Totok menjelaskan bahwa RUU Cipta Kerja ini ditetapkan untuk memangkas kurang lebih 70 UU dan 100 pasal terkait SDA. Ia juga memaparkan perbandingan UU nomor 32 tahun 2009 dengan RUU Cipta Kerja, terutama beberapa pasal terkait regulasi perizinan lingkungan. Menurutnya, beberapa kriteria usaha ideal dalam UU nomor 32 tahun 2009 tidak lagi dicantumkan dalam RUU Omnibus Law. Peraturan tersebut antara lain usaha tidak boleh merusak bentang alam, usaha tidak boleh melepaskan jasad renik yang merusak lingkungan, dan usaha tidak boleh menggunakan limbah bahan berbahaya dan beracun.
Totok juga berpendapat bahwa politik hukum dari RUU ini adalah pertumbuhan ekonomi dengan melancarkan masuknya investasi, tetapi sebenarnya lebih menguntungkan sektor bisnis yang mengabaikan masa depan lingkungan dan SDA. “Hal ini merupakan suatu kemunduran karena pembangunan sudah tidak lagi berorientasi pada lingkungan, sedangkan, pembangunan modern pada umumnya berorientasi pada lingkungan,” tegas Totok. Totok menambahkan bahwa pelaku usaha sangat terlihat berperan dalam regulasi, sementara kepentingan publik akan dikesampingkan. Menurut Totok, hal tersebut menunjukkan bahwa Omnibus Law memang dibentuk supaya para investor lebih mudah mengeksploitasi sumber daya alam
Menurut Oden, pemerintah menjustifikasi bahwa pelaksanaan Analisis Mengenai Dampak Lingkungan (AMDAL) yang selama ini rentan kesalahan berakibat pada anggapan bahwa pelemahan AMDAL merupakan hal yang wajar.

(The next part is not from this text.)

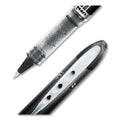 uniball VISION ELITE Roller Ball Pen, Stick, Extra-Fine 0.5 mm, Black Ink, Black Barrel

Penurunan derajat AMDAL sebagai akibat dari munculnya RUU Omnibus Law, tambah Oden, yaitu AMDAL tidak lagi dijadikan dasar penetapan, melainkan hanya sebagai dasar uji kelayakan. Ia juga berasumsi bahwa relokasi AMDAL ke Peraturan Pemerintah akan menimbulkan sentralisasi kekuasaan. Artinya, masyarakat yang hendak menyampaikan aspirasi maupun penolakan mereka terhadap suatu pembangunan harus langsung mendatangi pusat, berbeda dari regulasi sebelumnya yang memberikan pemerintah daerah kewenangan untuk menerima aspirasi rakyat daerahnya dan kewenangan untuk mengatur AMDAL.

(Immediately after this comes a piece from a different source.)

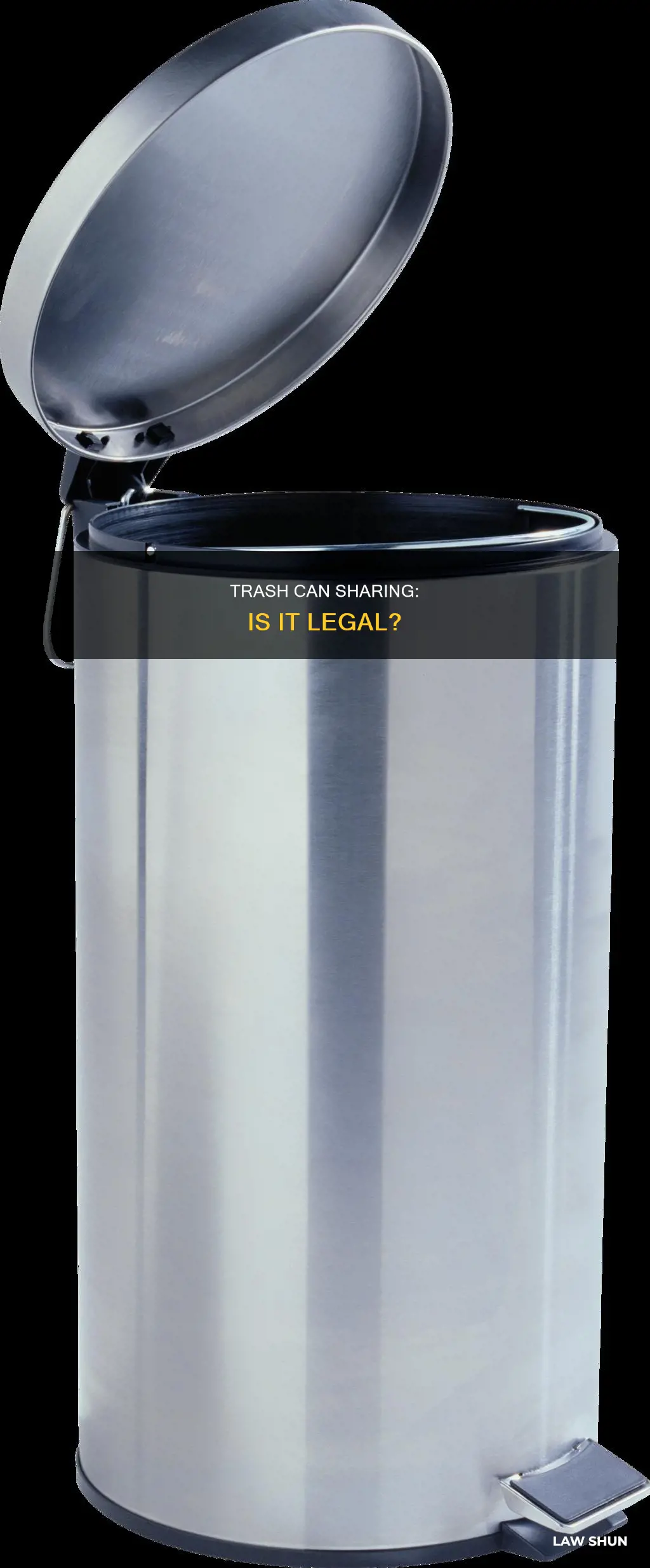is it against the law to share trash cans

Akibat dari penerapan RUU Omnibus Law juga ditambahkan oleh Daus, yaitu kemudahan investor untuk mengeksploitasi lingkungan. Ia berpendapat bahwa seharusnya RUU Omnibus Law mengatur tentang lingkungan, bukan tentang investasi. “Di satu sisi, Indonesia berada pada jurang keruntuhan ekologis, di sisi lain, birokrat-birokrat Indonesia rakus terhadap kekayaan,” ungkap Daus. Ia memaparkan bahwa masalah Omnibus Law adalah luputnya pendekatan lingkungan berbasis risiko, yakni terkait kapasitas pemerintah mengklasifikasikan risiko tinggi, sedang, maupun rendah dan juga tolak ukur dari klasifikasi tersebut. UU Perlindungan dan Pengolahan Lingkungan Hidup yang mencantumkan wajib AMDAL seharusnya dapat menjadi pegangan untuk mengklasifikasikan risiko tersebut.
Di penghujung diskusi sore itu, Adit berpendapat bahwa publik cukup kritis terhadap penerapan Omnibus Law. Kemudian, diskusi diakhiri dengan closing statement yang mempertegas penolakan terhadap RUU Omnibus Law. “Salah satu cara untuk menjaga kesejahteraan masyarakat Indonesia adalah dengan menggagalkan Omnibus Law,” pungkas Oden.